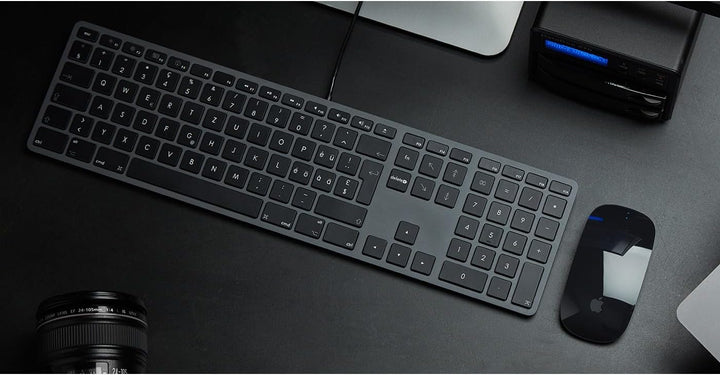 LMP 18244 kabelgebundene USB Tastatur für Mac Space grau (deutsch)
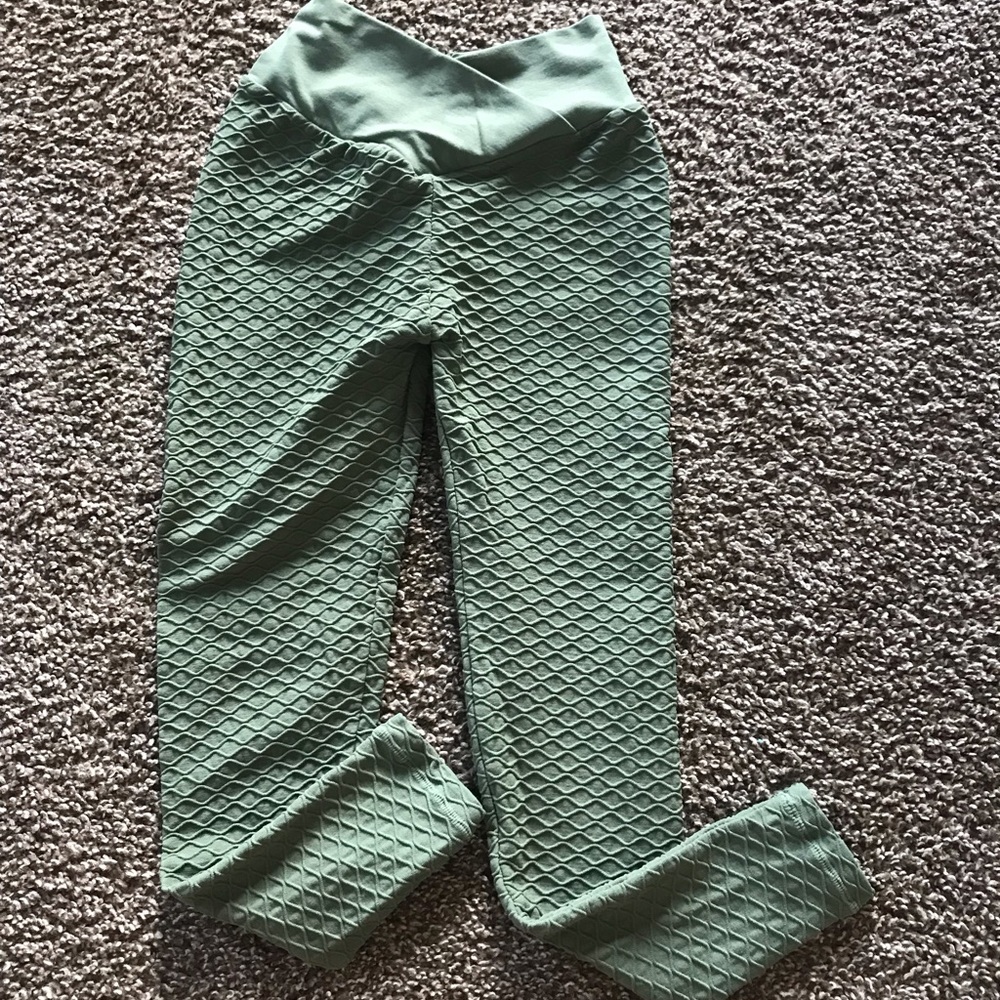 HALARA Seamless Flow Mid Rise Butt Lifting Crossover Leggings - Dill - Small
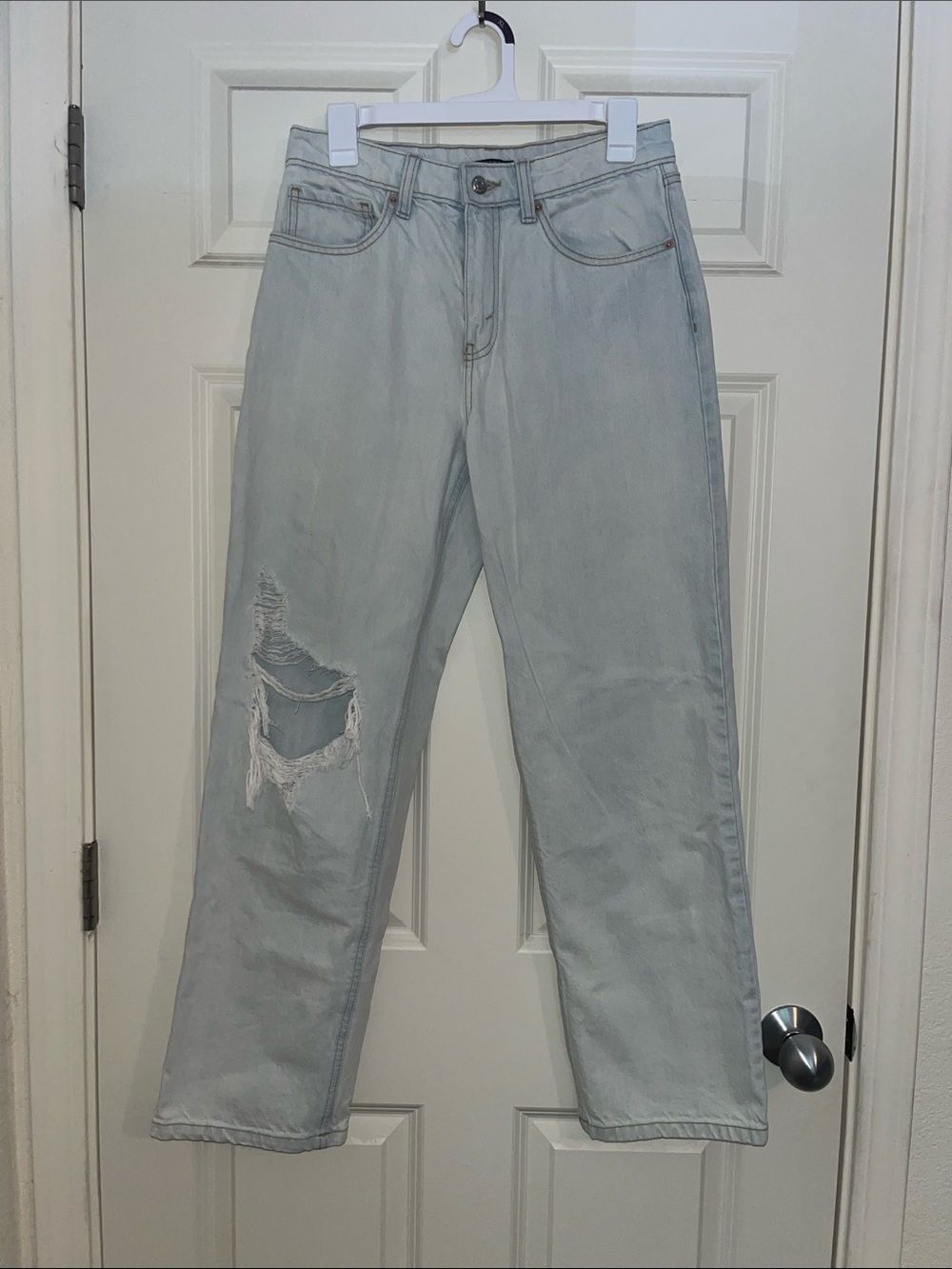 Light Wash Distressed Women’s High Rise Dad Jean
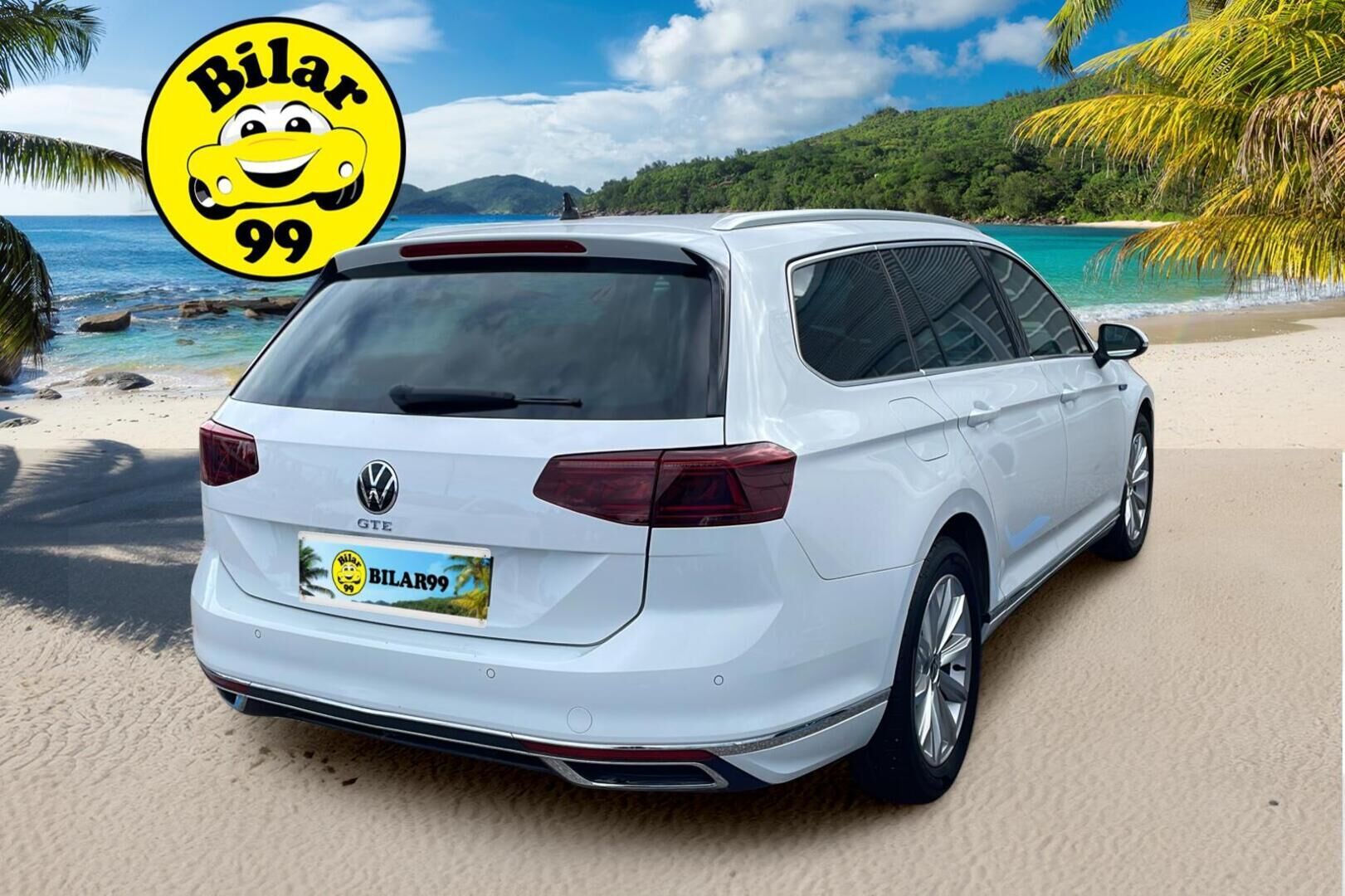 Volkswagen Passat 2022 Variant GTE Premium Plug-In Hybrid 160 kW DSG-automaatti - |ACC | P-Kamera | Puolinahkapenkit | 2x Renkaat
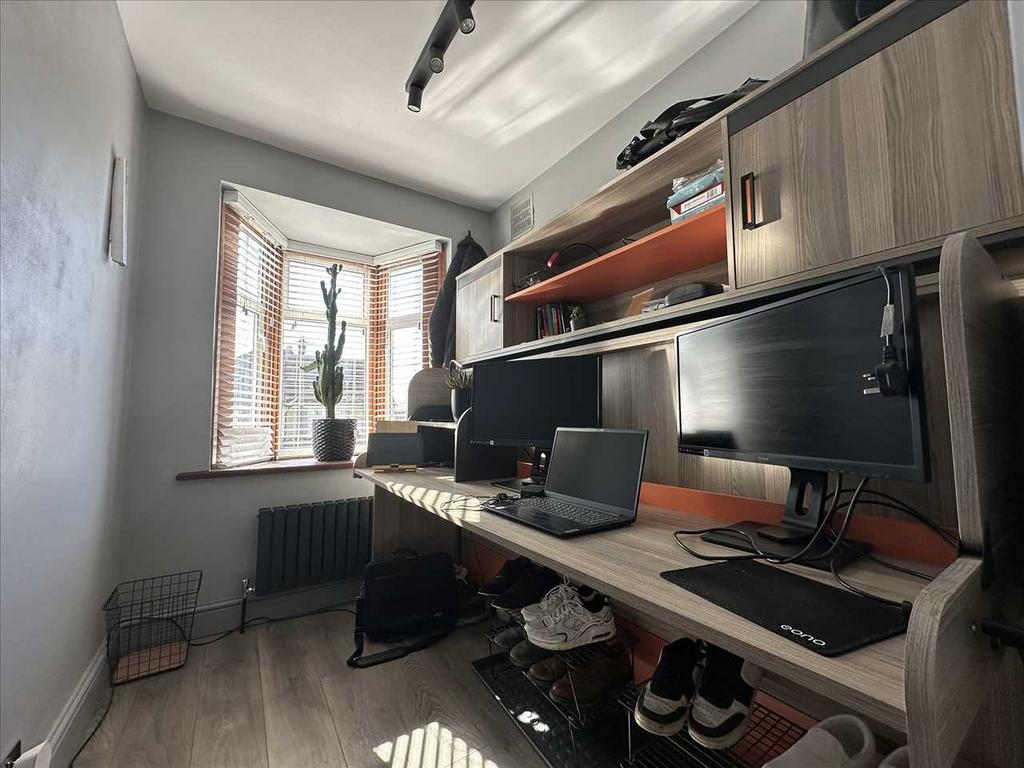 Office / bedroom 3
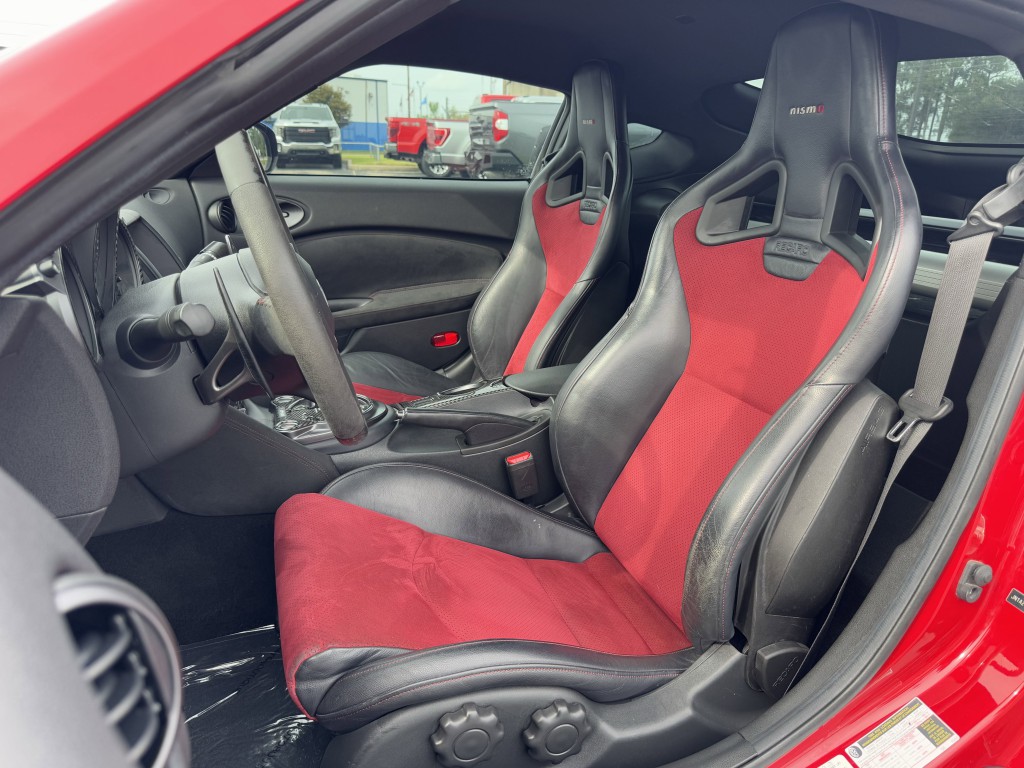 2016 Nissan 370Z Image 21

● **WHAT TO WORK ON**:
Quote every record above exactly, leaving out any pictures.

● **SOLUTION BELOW**:
 LMP 18244 kabelgebundene USB Tastatur für Mac Space grau (deutsch)
 HALARA Seamless Flow Mid Rise Butt Lifting Crossover Leggings - Dill - Small
 Light Wash Distressed Women’s High Rise Dad Jean
 Volkswagen Passat 2022 Variant GTE Premium Plug-In Hybrid 160 kW DSG-automaatti - |ACC | P-Kamera | Puolinahkapenkit | 2x Renkaat
 Office / bedroom 3
 2016 Nissan 370Z Image 21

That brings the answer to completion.